YOUR ASSIGNMENT –
Quote the material exactly from the line that contains "Élan du matin" through its last line. Any pictures are to be left out.

[DATA FOR PROCESSING Boundary: Start]

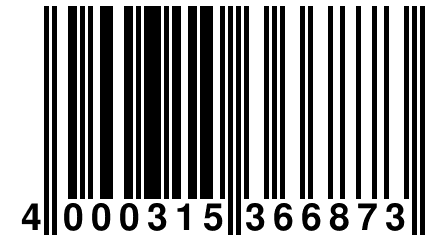 4 000315 366873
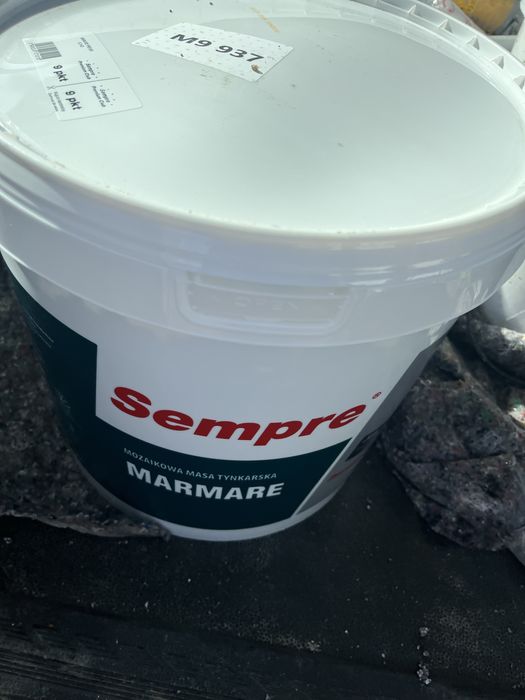 Mozaikowa masa tynkarska Sempre 25kg
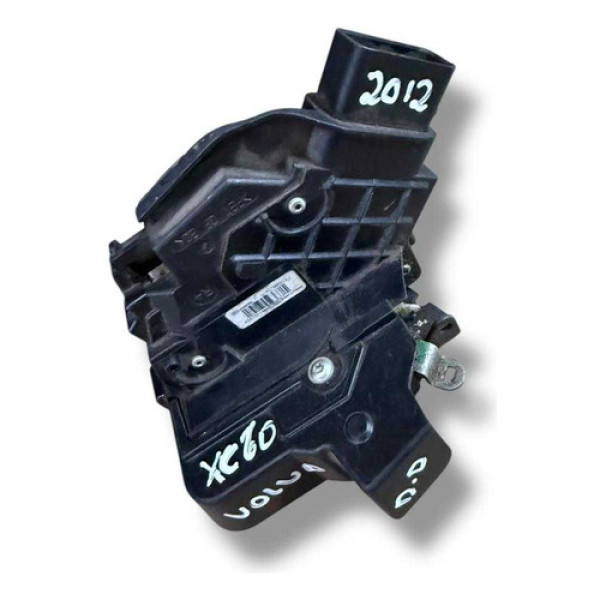Fechadura Porta Dianteira Dir Volvo Xc60 2010 02240021300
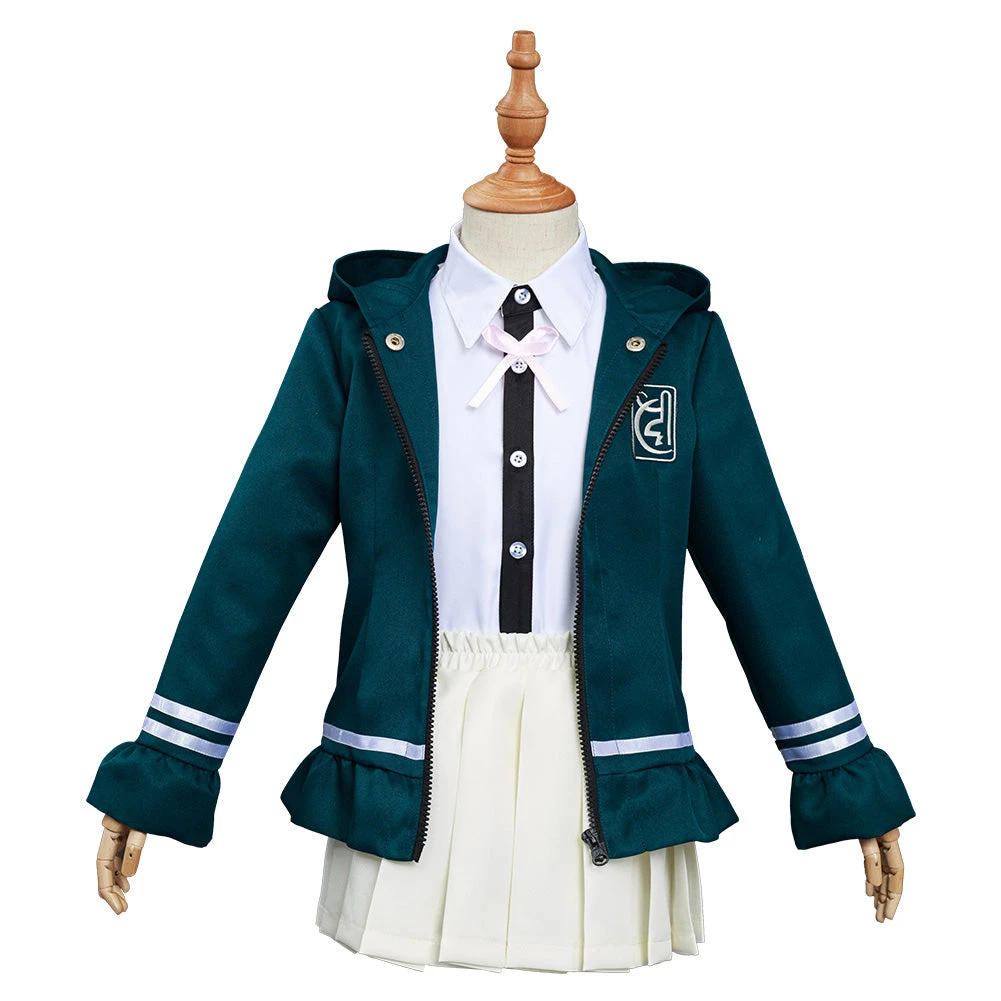 NewCosplay New Arrivals Danganronpa 2 Chiaki Nanami Comic Con Party Cosplay Costume For Kids Children 4 NewCosplay New Arrivals Danganronpa 2 Chiaki Nanami Comic Con Party Cosplay Costume For Kids Children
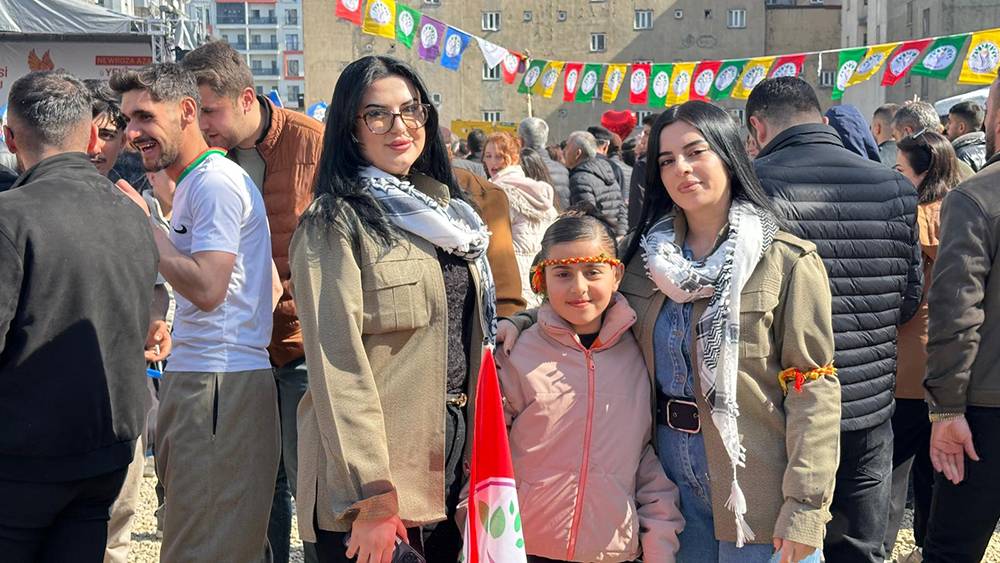 Yüksekova'da Newroz Kutlandı 57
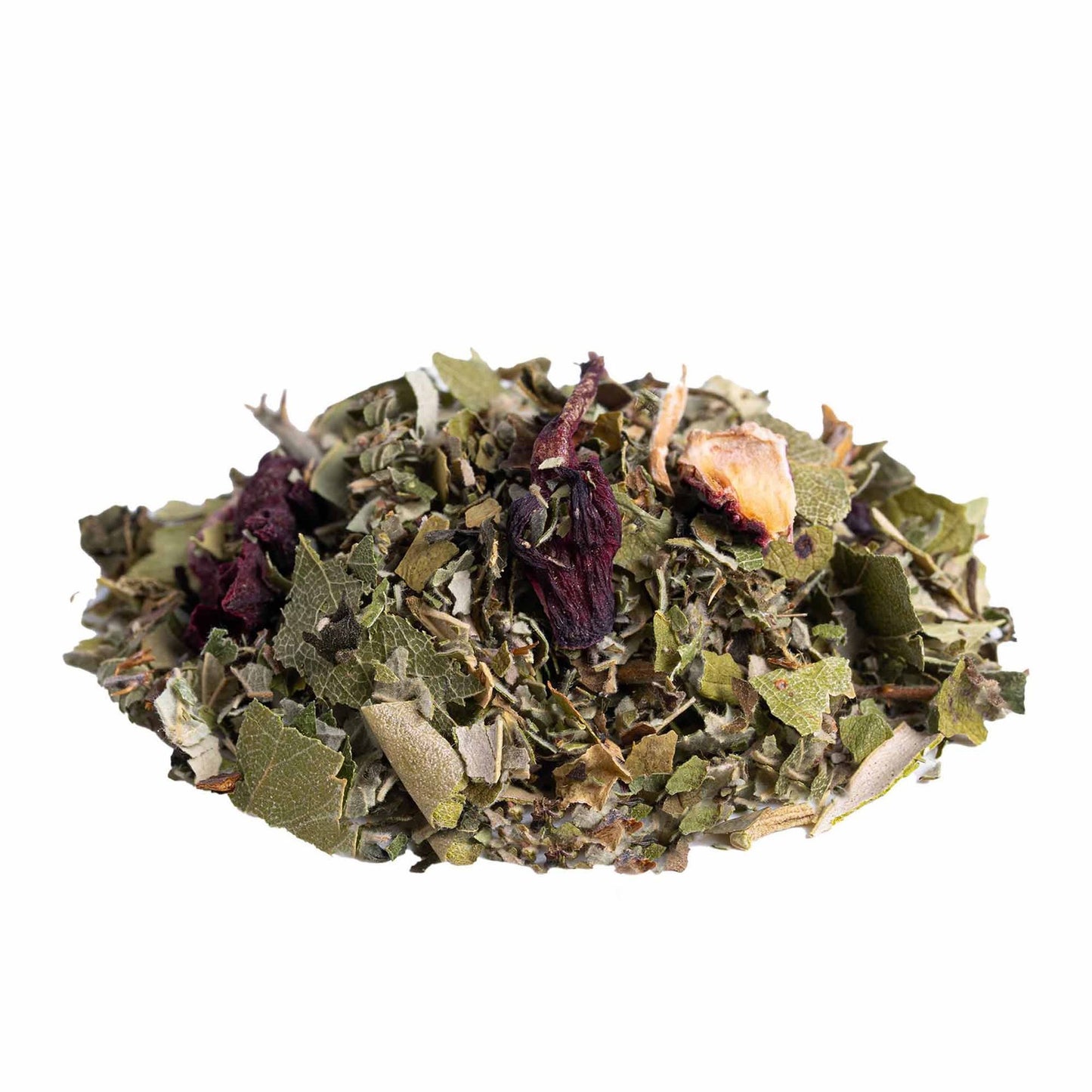 Élan du matin - Tisane à la Groseille & aux feuilles bienfaisantes - 50g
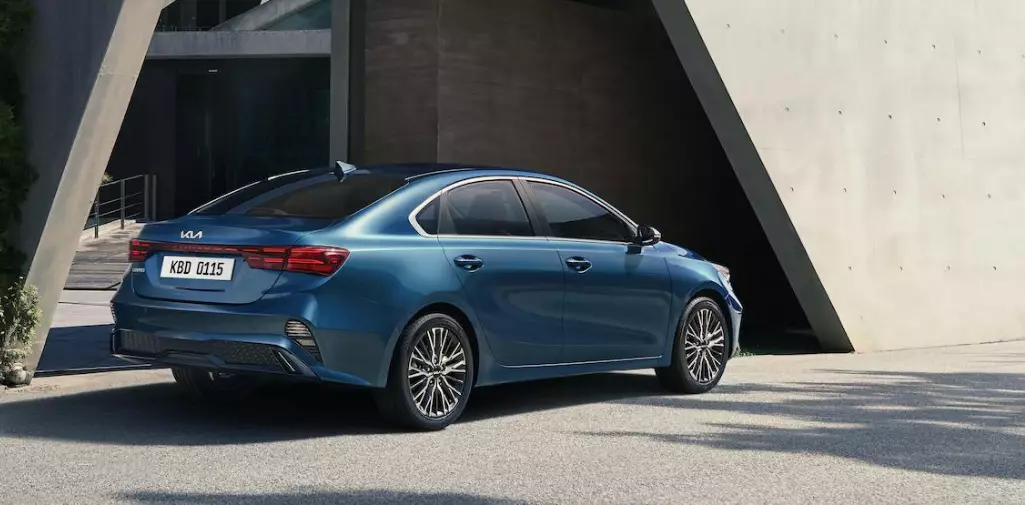 Kia K3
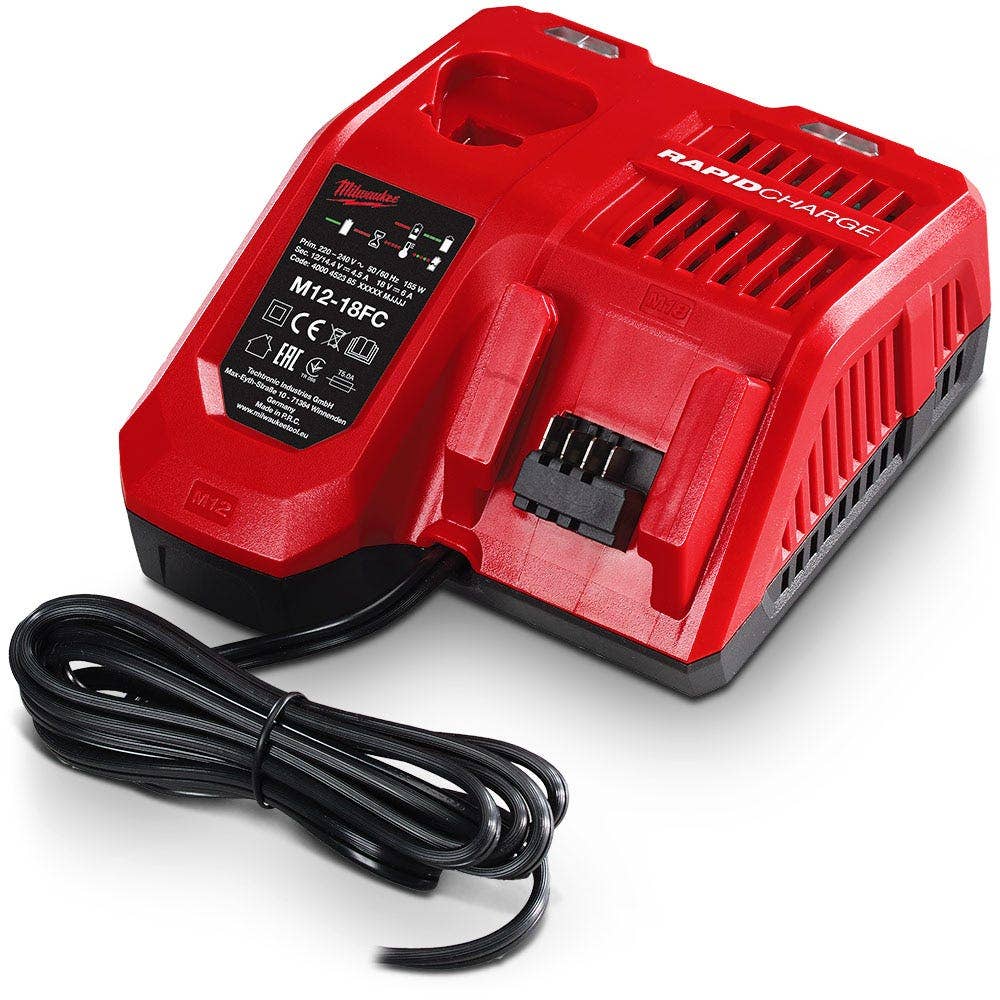 MILWAUKEE 18V Brushless 2 Piece 2 x 3.0Ah Combo Kit M18CBLPP2A-302B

[DATA FOR PROCESSING Boundary: End]

OUTPUT FOR THIS TASK –
 Élan du matin - Tisane à la Groseille & aux feuilles bienfaisantes - 50g
 Kia K3
 MILWAUKEE 18V Brushless 2 Piece 2 x 3.0Ah Combo Kit M18CBLPP2A-302B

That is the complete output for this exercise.